2. Restricted Stock Units Deferred. I elect to defer settlement of the following portion of my Restricted Stock Units Award made to me during the Election Period (must be at a minimum of at least 10% and may increase in 5% increments thereafter):

     %

3. Restricted Stock Units Deferral Elections. I hereby make the following elections with respect to the settlement of my vested Restricted Stock Units that will be payable in a single lump sum as provided in my Restricted Stock Unit Agreement (Agreement). I understand that if I fail to make an election, or if the election is terminated, that I will be deemed to have elected settlement of my Restricted Stock Units when such units vest as provided in the Restricted Stock Units Notice of Grant.

Settlement Date:

Subject to the terms of the Plan and my Agreement, I will receive shares of Stock in settlement of my Award (to the extent vested) within 30 days of the earlier of (i) any Settlement Date I have elected below, (ii) the date of my termination of Service or (iii) the date of any Change of Control, as defined in the Plan, if such an Award is not assumed or substituted for a similar award.

I understand that:

A Settlement Date may be no earlier than January 1 of the second calendar year following the Election Period (e.g. if the Election Period ends on December 31, 2006, the Settlement Date may be no earlier than January 1, 2008).

That I may (but am not required) to elect a Settlement Date, however, if I don’t select a Settlement Date, but have completed this form and elected to defer settlement of the Award beyond the date such award would have become vested, that I will have made an irrevocable election to defer settlement of the Award until my termination of Service.

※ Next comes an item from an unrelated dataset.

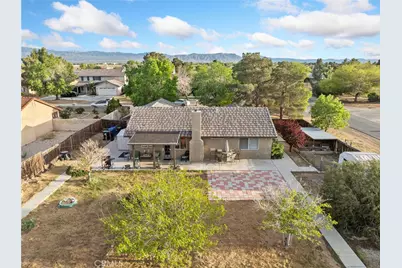 22404 Broken Lance Court, Apple Valley, CA 92307 - Photo 7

I elect a Settlement Date for 100% of my Award on      . (please select a date no earlier than January 1 of the second calendar year following the Election Period, however, remember that the Award becomes vested on the date provided in the Notice of Grant and unless you select a later Settlement Date, would be settled on the vesting date)

             
           
[      ] I do not elect a Settlement Date (and I understand
this means that the Settlement Date will be the date I
terminated Service).

Change of Settlement Date:

I understand that I may make, with the consent of the Company, a subsequent election to further defer settlement of this Award, and that such an election must be made at least one (1) year prior to my originally selected Settlement Date and I further understand that my newly elected Settlement Date must be at least five (5) years after the date of the originally selected Settlement Date. I further understand that the ability to make such a subsequent deferral election may not be available to me in the future if the Company changes its administration policies to reflect any changes to the applicable law governing deferred compensation.

4. Filing of Election. This Restricted Stock Unit Election must be filed with the Chief Financial Officer of the Company no later than:

             
    (a)      
For elections to defer receipt of Restricted Stock Units
during the Initial Plan Year: within 30 days after the
beginning of the Initial Plan Year.
    (b)      
For elections to defer receipt of Restricted Stock Units
during each subsequent Plan Year: the day prior to the
first day of such Plan Year.

5. Irrevocability of Election. This Restricted Stock Unit Election will become irrevocable as of the commencement of the Election Period.

6. Award is Unfunded. I understand that the Company has not formally funded my Award and that I am considered a general unsecured creditor of the Company with respect to my rights under the Award.

7. Subject to Plan. This Restricted Stock Unit Election is in all respects subject to the terms and conditions of the Plan. Should any inconsistency exist between this Restricted Stock Unit Election, the Plan, the Restricted Stock Unit Agreement, and/or any applicable law, then the provisions of either the applicable law or the Plan will control, with the Plan subordinated to the applicable law.